Together, these three problems, and their solutions, launched the project of quantum mechanics. All three dealt with situations of matter absorbing energy and emitting it again; in all three cases, the pattern of these energy emissions could not be described or predicted using Newtonian physics; and in all three cases, the solution pointed to the quantized nature of energy in certain circumstances. It is significant that not only was energy quantized in these three situations, but its quantization proceeded by means of Planck’s constant.
Max Planck had discovered not only a solution for the rather narrow niche of the blackbody problem, but rather he had discovered a constant which applied to the entire electromagnetic spectrum, which called into question the universal hegemony of Newtonian physics, which required a re-thinking of how energy is conceptualized, and which eventually required a major change in the concept of light.
Many students will be familiar with a formulation like “sometimes it’s useful to think of light as waves, and sometimes it’s useful to think of light as particles.” This statement, and the various rephrasings of this same thought in different words, applies not only to light, but rather to the entire electromagnetic spectrum: radio waves, thermal radiation, and even heat conduction can justifiably be conceptualized sometimes as waves and sometimes as particles.
The fact that heat conduction is brought under the umbrella of quantum mechanics shows that Planck’s constant and the concept of quantization apply to phenomena which are not purely electromagnetic. This understanding of heat, already indirectly indicated in Ludwig Boltzmann’s work — although Boltzmann himself might not have understood its import — , reveals the broad scope of the eventual applications of quantum mechanics.
The approach in the first decade of the twentieth century was a case-by-case heuristic approach, introducing the needed repairs to the Newtonian system as each set of non-conforming results appeared out of the experiments and measurements made by various physicists.

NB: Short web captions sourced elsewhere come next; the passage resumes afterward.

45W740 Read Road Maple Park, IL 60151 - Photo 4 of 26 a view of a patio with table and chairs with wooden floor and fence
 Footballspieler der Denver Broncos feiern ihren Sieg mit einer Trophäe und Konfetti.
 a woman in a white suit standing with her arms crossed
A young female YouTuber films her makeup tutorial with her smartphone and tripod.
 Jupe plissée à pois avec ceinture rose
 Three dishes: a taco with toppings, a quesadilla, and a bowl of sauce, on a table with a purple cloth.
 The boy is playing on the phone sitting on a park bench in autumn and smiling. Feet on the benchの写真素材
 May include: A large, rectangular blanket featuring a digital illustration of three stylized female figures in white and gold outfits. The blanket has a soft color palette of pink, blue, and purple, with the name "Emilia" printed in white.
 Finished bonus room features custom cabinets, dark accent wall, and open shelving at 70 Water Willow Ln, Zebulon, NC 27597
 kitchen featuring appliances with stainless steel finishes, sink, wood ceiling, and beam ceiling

The quantized solutions to these three problems — black body emissions, the photoelectric effect, and the specific heat of solid bodies — do not properly constitute a complete system of quantum mechanics but rather are merely a sort of “patch” — like a software patch — on Newtonian physics, which allowed the Newtonian conceptual framework to survive, and yet which pointed the way to a thoroughly quantized physics which would be built “from the ground up” as its own discipline and not merely as a revised version of Newtonian physics.